_The records_

_ _ _ _ _

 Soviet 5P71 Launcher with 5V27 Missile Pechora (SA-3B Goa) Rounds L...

_ _ _ _ _

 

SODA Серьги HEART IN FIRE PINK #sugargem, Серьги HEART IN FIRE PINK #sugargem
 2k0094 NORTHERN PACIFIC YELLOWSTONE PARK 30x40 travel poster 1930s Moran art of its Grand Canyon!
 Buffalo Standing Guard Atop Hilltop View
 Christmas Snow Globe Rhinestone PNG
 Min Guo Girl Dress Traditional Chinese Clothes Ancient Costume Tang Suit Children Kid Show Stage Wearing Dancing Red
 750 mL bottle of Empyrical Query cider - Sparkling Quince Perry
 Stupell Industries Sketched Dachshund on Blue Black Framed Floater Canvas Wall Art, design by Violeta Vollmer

_ _ _ _ _

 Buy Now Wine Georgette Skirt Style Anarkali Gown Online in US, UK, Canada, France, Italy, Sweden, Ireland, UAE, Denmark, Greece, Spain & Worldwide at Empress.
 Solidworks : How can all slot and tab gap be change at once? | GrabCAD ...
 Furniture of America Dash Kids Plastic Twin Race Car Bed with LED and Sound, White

_ _ _ _ _

_Work item_
Would you print exactly, and only, the lines of the data above from the line with "750 mL bottle" through the line with "Stupell Industries Sketched", inclusive?

_Your solution_
 750 mL bottle of Empyrical Query cider - Sparkling Quince Perry
 Stupell Industries Sketched Dachshund on Blue Black Framed Floater Canvas Wall Art, design by Violeta Vollmer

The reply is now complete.